Sûreté chief’s exit raises further questions about political interference Add to ...

Quebec has announced the departure of the province’s police chief in what has become a revolving door at the head of the powerful force.

Mario Laprise leaves his post less than two years into his term, opening the way for the Sûreté du Québec to get its third chief since 2012.

Public Security Minister Lise Thériault insisted Wednesday that Mr. Laprise was leaving of his own volition. However, Philippe Couillard’s Liberals had criticized his nomination by the previous Parti Québécois government and pledged, once elected, to make the choice for future provincial police directors less partisan.

Critics say the Sûreté is overly subject to political influence. The PQ forced police chief Richard Deschesnes out of his job soon after the party took power in 2012, naming Mr. Laprise to replace him.

Mr. Laprise is leaving early in a mandate that was supposed to extend to 2017.

Despite the Liberals’ assurances, Mr. Laprise’s exit only four months after the party assumed office is unlikely to dispel the impression of political interference.

“The [SQ] is supposed to be independent of political power,” said François Doré, a retired Sûreté officer who spent 22 years in the force. “So this looks pretty curious.”

Mr. Doré said the “writing was on the wall” that Mr. Laprise would not last long. While campaigning for premier, Mr. Couillard said he wanted a less political approach to SQ nominations. “Everyone expected a change,” Mr. Doré said. “The only question was when.”

Changing the chief at the SQ will inevitably create upheaval within the force, especially in its upper echelons.

“It’s sure to cause turmoil,” Mr.
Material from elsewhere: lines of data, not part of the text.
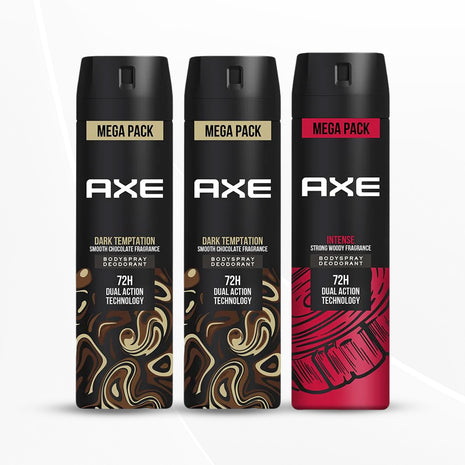 Axe Intense Long Lasting Deodorant 215 ml & Axe Dark Temptation Bodyspray 215 ml (Pack 3)
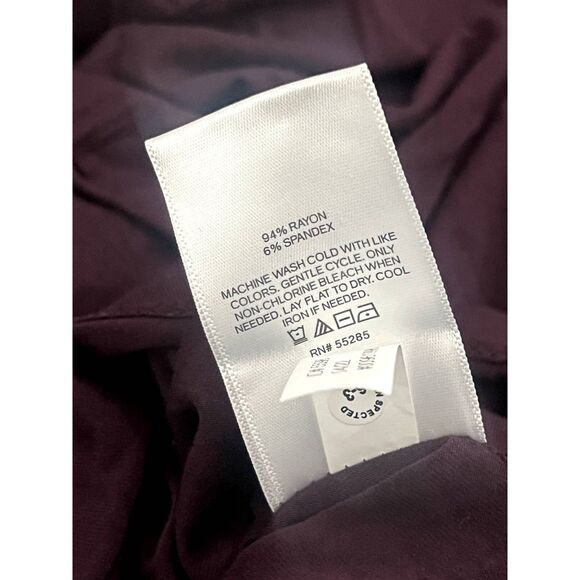 Express Long Sleeve Cowl Draped Back London Ultra Soft Jersey Shirt Purple XL - Picture 8 of 9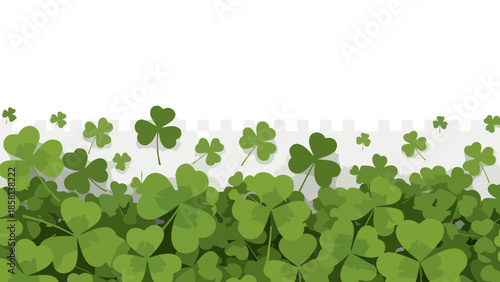 A vibrant and lush green clover field with many shamrocks scattered across the foreground and background, creating a festive and naturalistic scene.
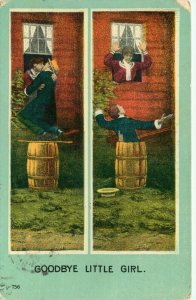 1909 Humorous Man Climbing Out Of Window, Landing In Barrell Vintage Postcard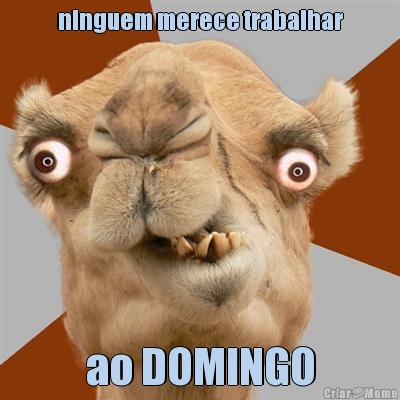 ninguem merece trabalhar ao DOMINGO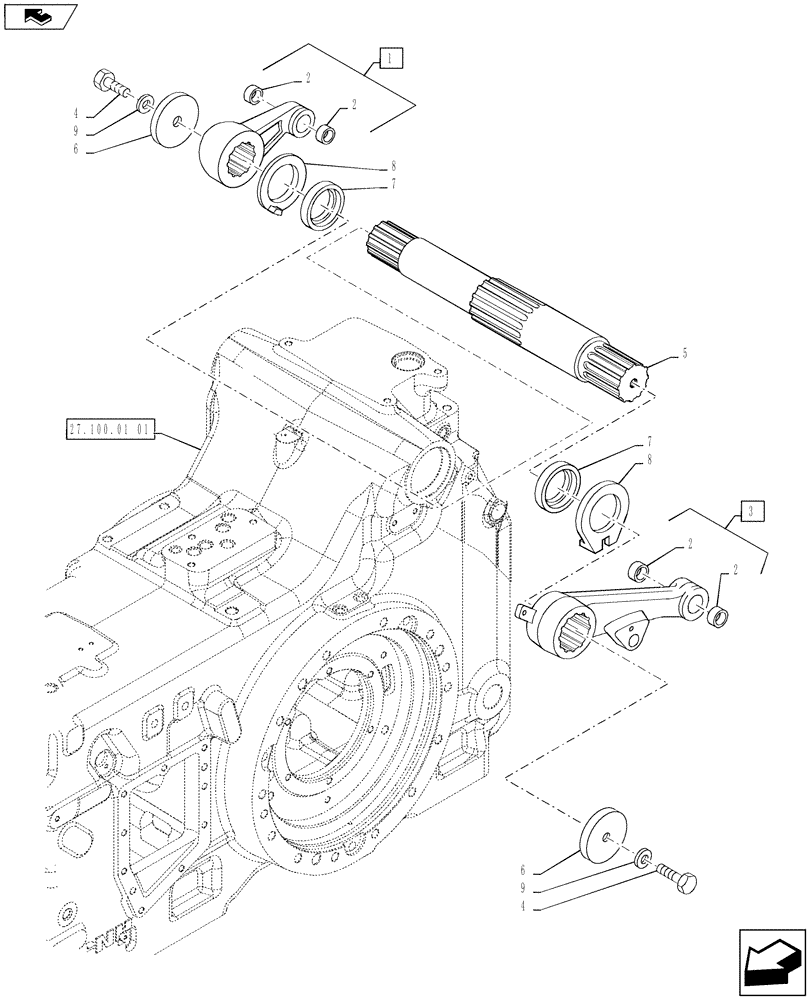 Схема запчастей Case IH PUMA 145 - (35.134.01) - VAR - 390909, 332909, 743695 - HYDRAULIC LIFT - ROCKSHAFT & LIFT ARMS - L/ APUH (35) - HYDRAULIC SYSTEMS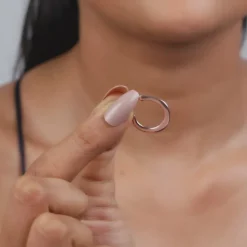 Rose Gold Tapered Hoop Earrings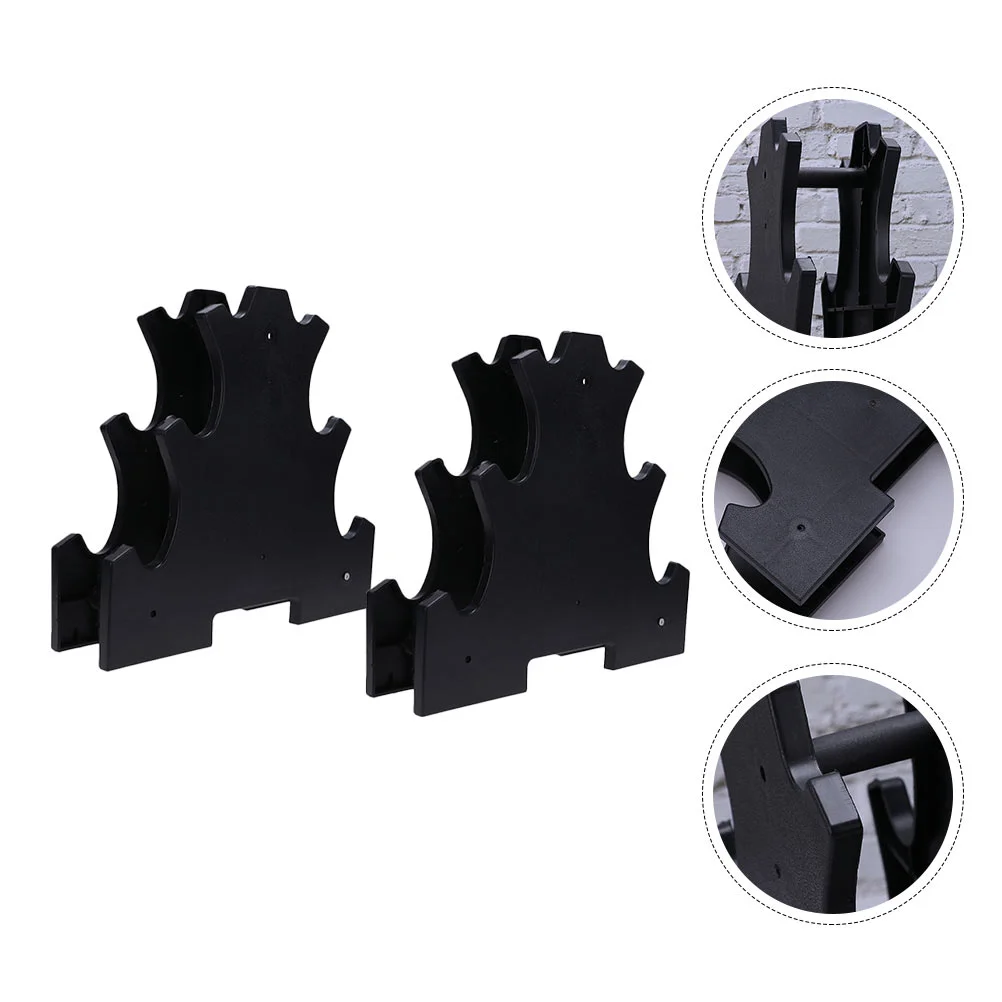 2 Pcs Electroplating Dumbbell Rack Storage Stands for Dumbbells Bracket Abs Holders Fitness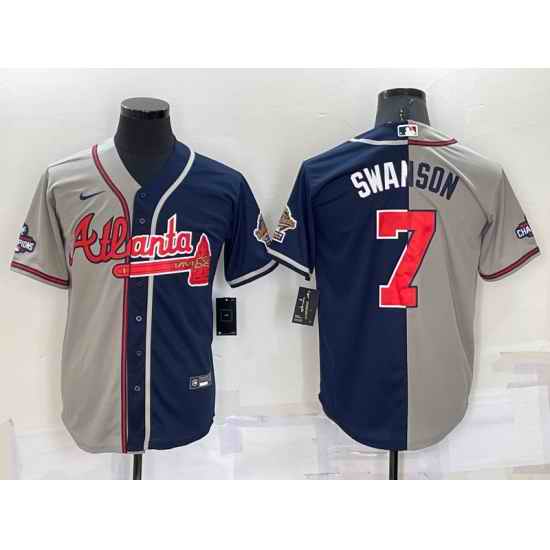 Men Atlanta Braves #7 Dansby Swanson Gray Navy Two Tone Split Cool Base Stitched Baseball Jersey->montreal expos->MLB Jersey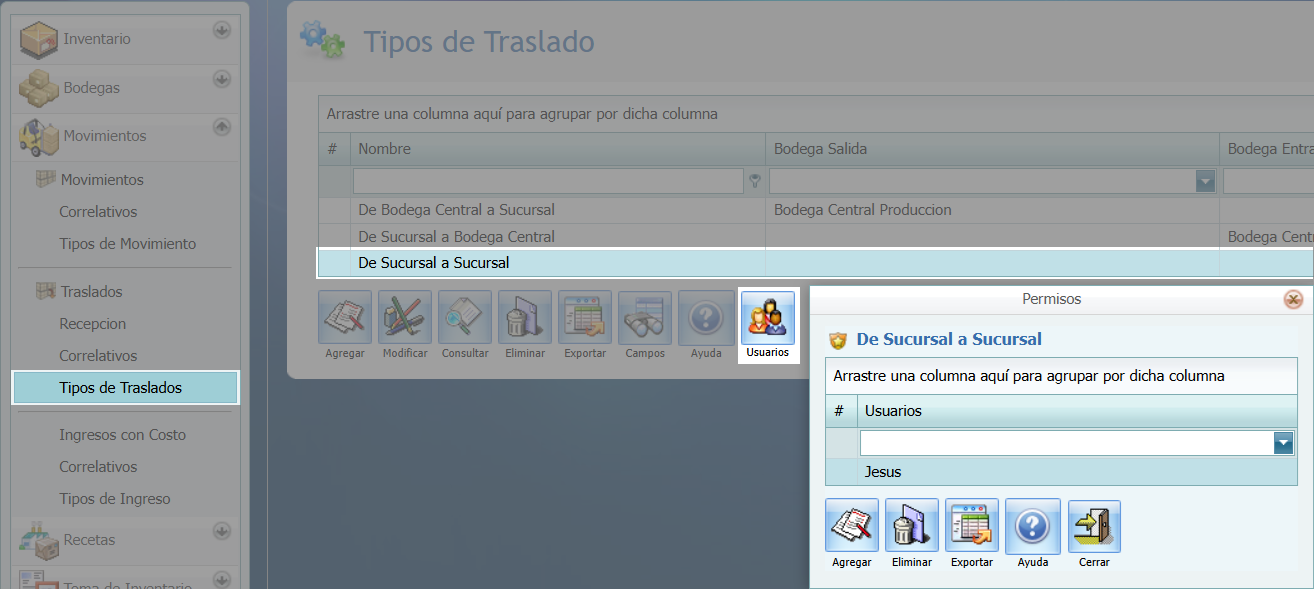 Seguridad Por Usuario Traslados de Inventario 2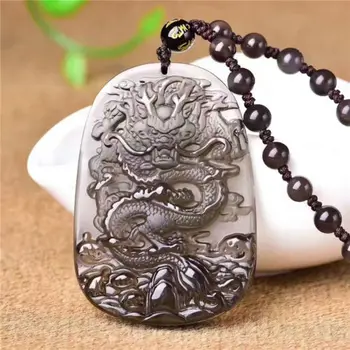 

Natural Ice Kinds Of Obsidian Hand-carved Dragon Pendant Free Beads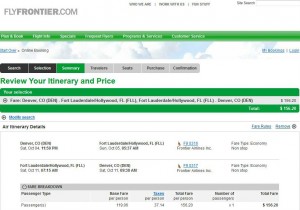 Denver-Fort Lauderdale: Frontier Booking Page
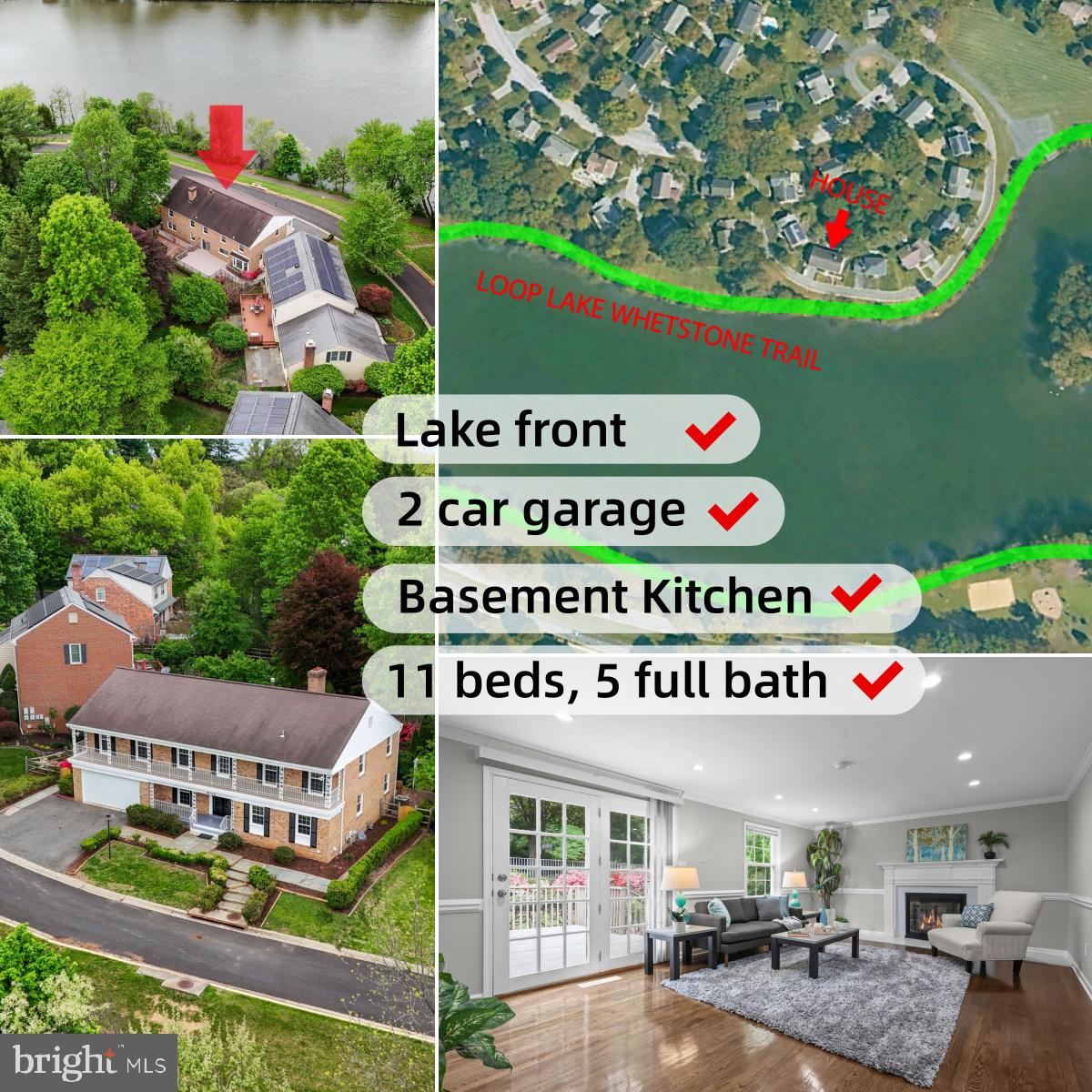 Lakefront Living at Its Finest! Welcome to this exceptional lakefront single-family home in the desirable Whetstone community of Montgomery Village in Gaithersburg. Perfectly positioned with one of the best lake views in the neighborhood, this spacious 2 car garage residence offers an incredible opportunity for large households, multi-generational living, or flexible use of space. The home features 11 bedrooms and 4 full bathrooms above grade, while the walk-up basement provides 4 additional rooms, a full bathroom, a 2nd kitchen, and a 2nd laundry hookup, creating abundant living space and excellent versatility. The property has been extensively updated in 2026 with a new HVAC system, new water heater, all new appliances including stove, refrigerator, microwave, dishwasher, washer and dryer, all new windows, fresh interior paint, lightings and new laminate flooring.The main level offers a comfortable layout with two bedrooms and one full bathroom, sliding glass door off the spacious living room leading to the large deck and back yard, formal dining room, and an upgraded kitchen with breakfast area. The laundry room is conveniently located next to the kitchen, with direct access to the garage as well as a separate door leading to the side yard. Upstairs you will find 9 bedrooms and 3 full bathrooms, including 6 bedrooms on the lake-facing side that open to a balcony overlooking the water, providing beautiful and peaceful lake views, while 3 additional bedrooms face the garden side. The walk-out basement adds tremendous flexibility with a second kitchen, dining area, living space, 4 additional rooms, and a second laundry hookup ready for installation.One of the most remarkable features of this home is the beautifully landscaped backyard designed in an English garden style. The terraced landscape creates a layered garden filled with seasonal flowers and greenery, leading up to a private flower-viewing platform that serves as a peaceful retreat. From the kitchen, living room, and upper-level bedrooms, you can enjoy picturesque views of the garden and surrounding natural beauty through the windows, creating a tranquil indoor-outdoor living experience.Outdoor lovers will appreciate that the scenic trail around Lake Whetstone is located directly in front of the home, allowing you to step outside and immediately access walking and jogging paths around the lake. The nearby Lake Whetstone Park offers opportunities for boating, fishing, picnicking, and enjoying nature. Residents of Montgomery Village enjoy exceptional community amenities managed by the Montgomery Village Foundation, including over 335 acres of parkland, six outdoor pools, nineteen tennis courts, nine pickleball courts, sixteen playgrounds, seven ballfields, four community centers, and numerous recreational programs and community events.Convenience is another highlight of this location. The home is close to shopping and dining at nearby centers such as Montgomery Village Center, with grocery stores, restaurants, and daily services just minutes away. Commuters will appreciate easy access to Interstate 270 and the nearby MARC Train Brunswick Line from Gaithersburg MARC Station, providing convenient connections to Washington, DC and surrounding areas. With its spectacular lake views, expansive living space, beautiful garden setting, and outstanding community amenities, this rare lakefront home offers a unique lifestyle opportunity in one of the most scenic locations in Montgomery Village.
Doré said. “It’s major.”

Ms. Thériault said an independent committee is being tasked with finding a suitable replacement, who would be in place by the end of the year.

The selection committee shows the government’s desire to “confer greater transparency to the nomination process,” Ms. Thériault said. Mr. Laprise is returning to work at Hydro-Québec, his previous employer. The deputy director of the force, Luc Fillion, will take over as interim chief.